Brief descriptive captions:
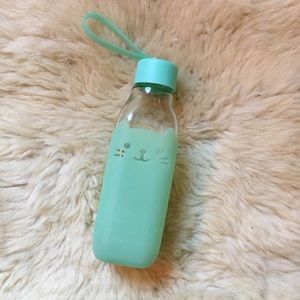 Glass Bottle with Removable Silicone Cat Sleeve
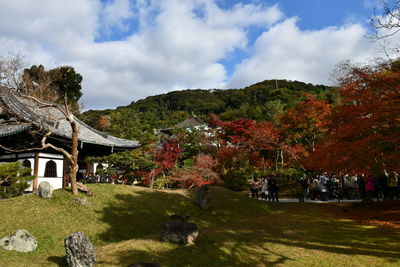 Scenic view of landscape against sky during autumn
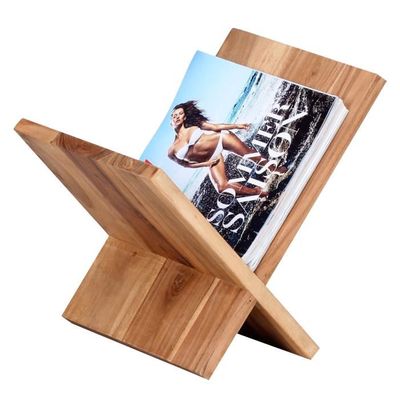 Porte-Revues En Bois Massif Sheesham - Design X 29x31x28cm | Rangement Élégant Pour Magazine Et Journaux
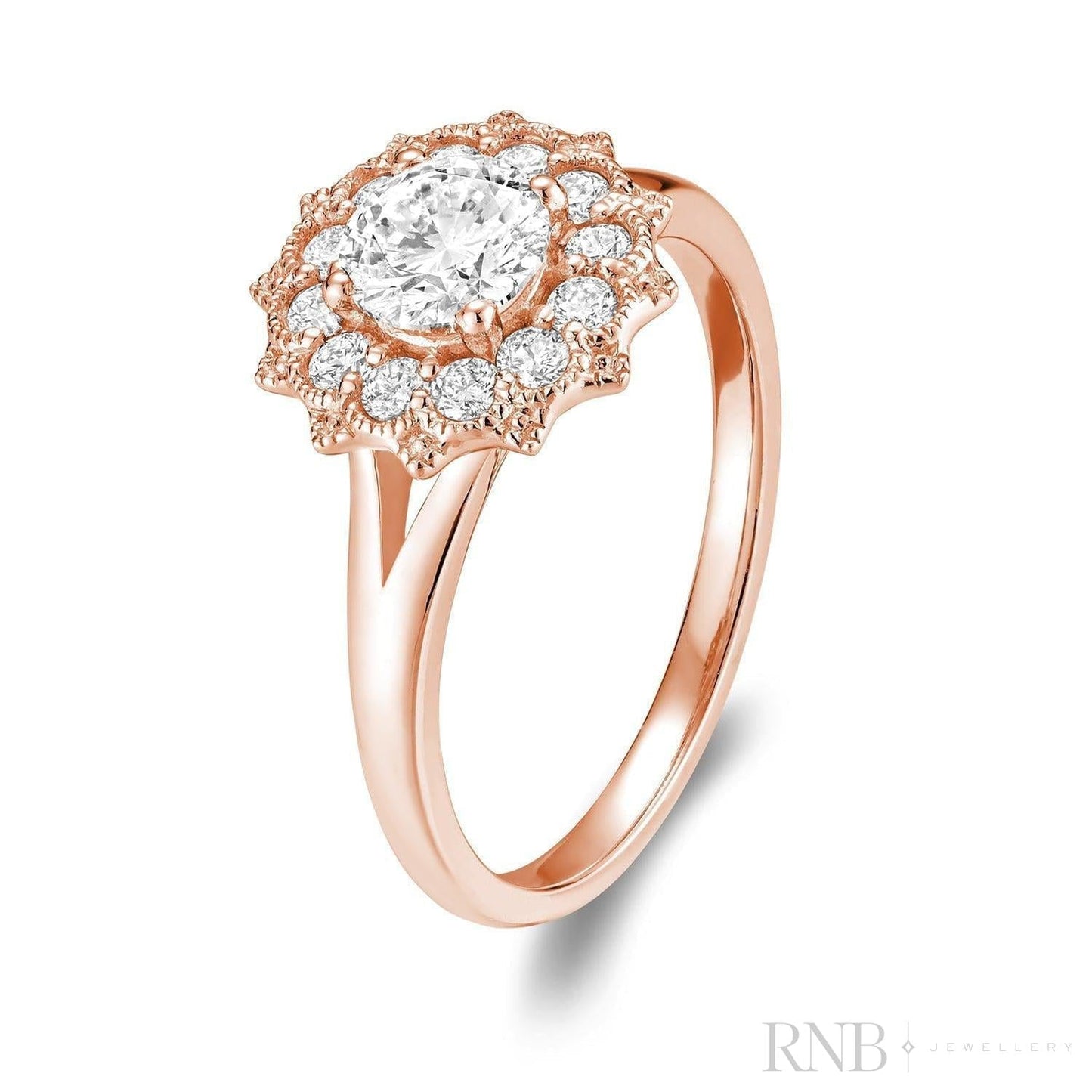 Vintage Flower Diamond Ring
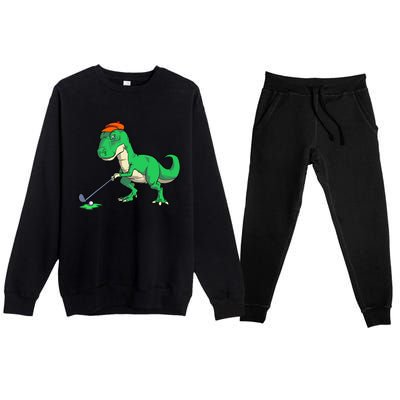 Funny T Rex Dinosaur Golf Giftss for Golfer Premium Crewneck Sweatsuit Set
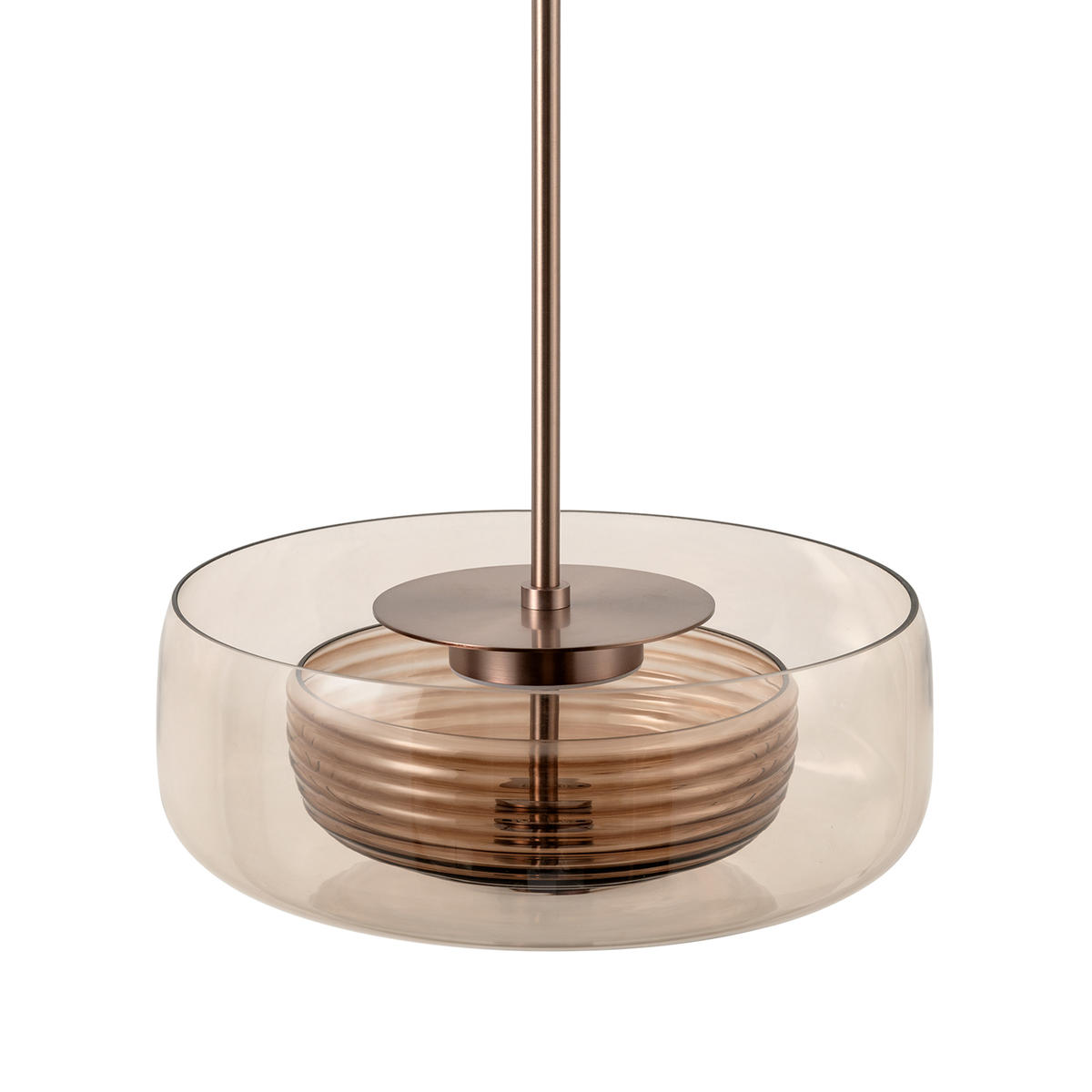 Selby Layered Glass Round Pendant Light in Mocha with Bronze Holder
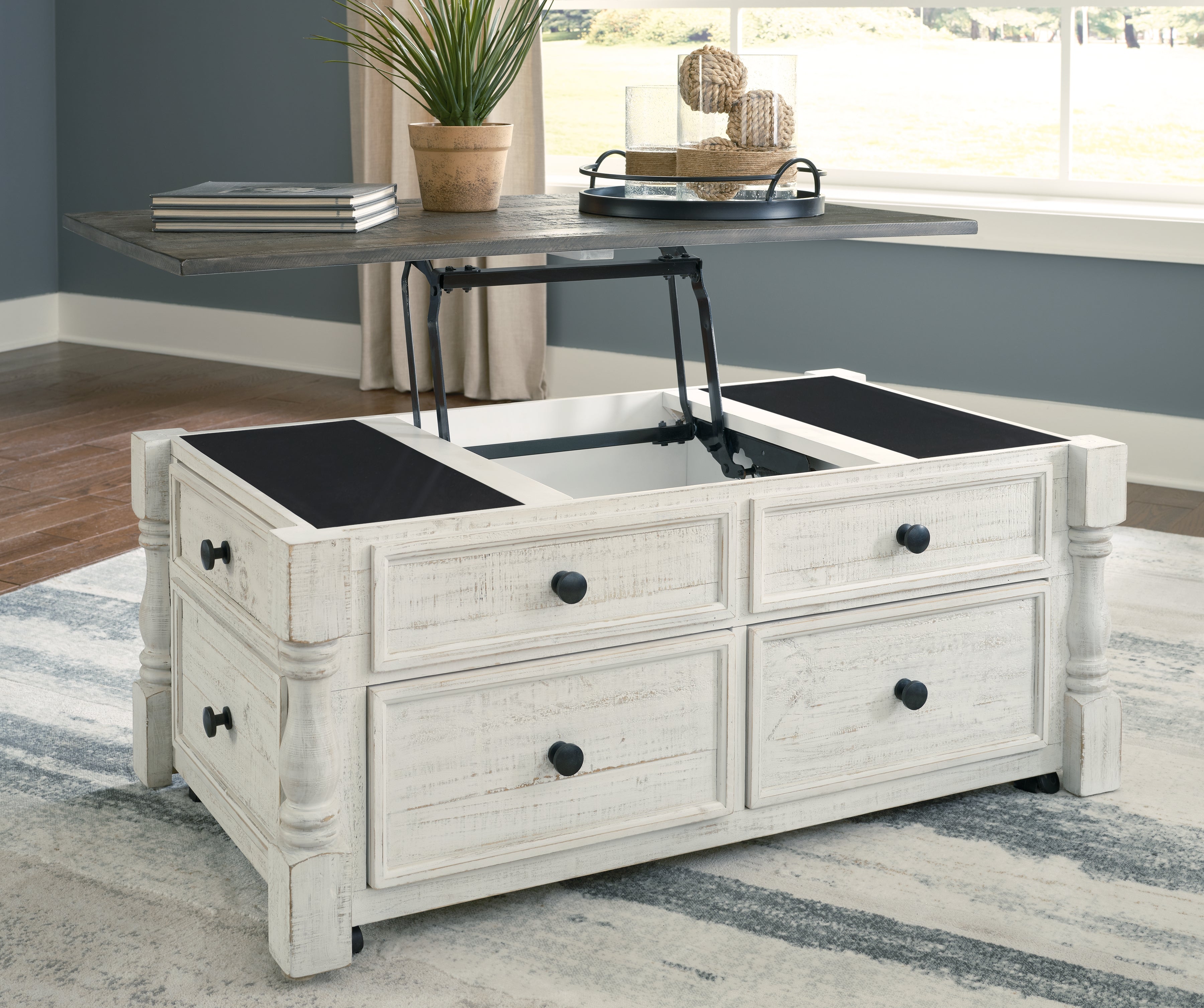 Furniture City Laplace - Ashley Furniture - Havalance Lift-Top Coffee Table - Lift Top Cocktail Table / White/Gray - T994-20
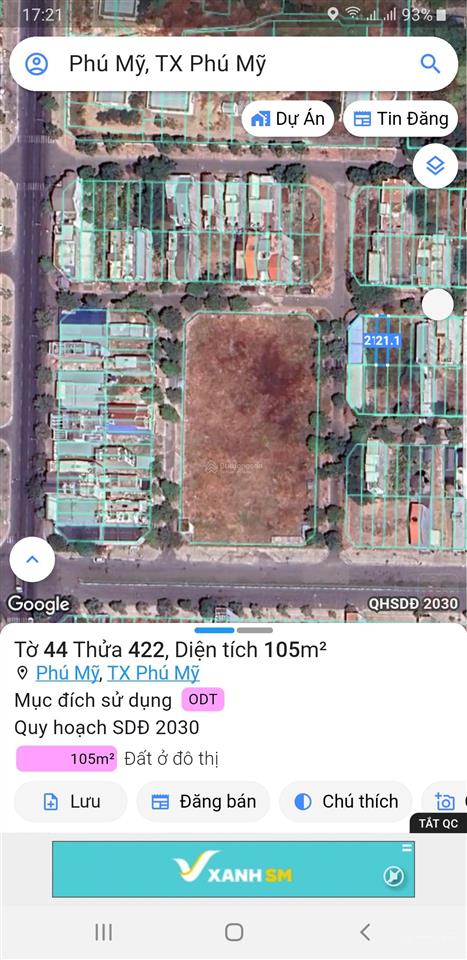 Bán đất đối diện chung cư ata trung tâm tp. phú mỹ, nhà cửa san sát, dt 5x20m full thổ giá 3.3tỷ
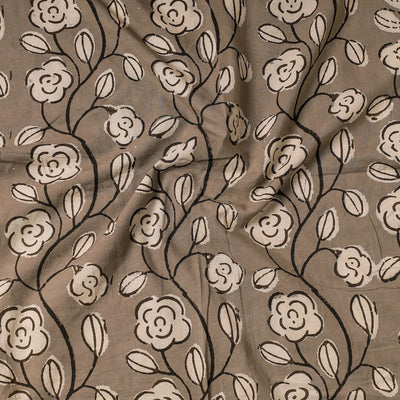 Brown - Bindaas Block Printing Natural Dyed Cotton Precut Fabric (1.9 meter)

The problem. Your reply should repeat the entries above exactly, leaving the pictures out.

Task solution.
 Glass Bottle with Removable Silicone Cat Sleeve
 Scenic view of landscape against sky during autumn
 Porte-Revues En Bois Massif Sheesham - Design X 29x31x28cm | Rangement Élégant Pour Magazine Et Journaux
 Vintage Flower Diamond Ring
 Funny T Rex Dinosaur Golf Giftss for Golfer Premium Crewneck Sweatsuit Set
 Selby Layered Glass Round Pendant Light in Mocha with Bronze Holder
 Furniture City Laplace - Ashley Furniture - Havalance Lift-Top Coffee Table - Lift Top Cocktail Table / White/Gray - T994-20
 Bán đất đối diện chung cư ata trung tâm tp. phú mỹ, nhà cửa san sát, dt 5x20m full thổ giá 3.3tỷ
 Brown - Bindaas Block Printing Natural Dyed Cotton Precut Fabric (1.9 meter)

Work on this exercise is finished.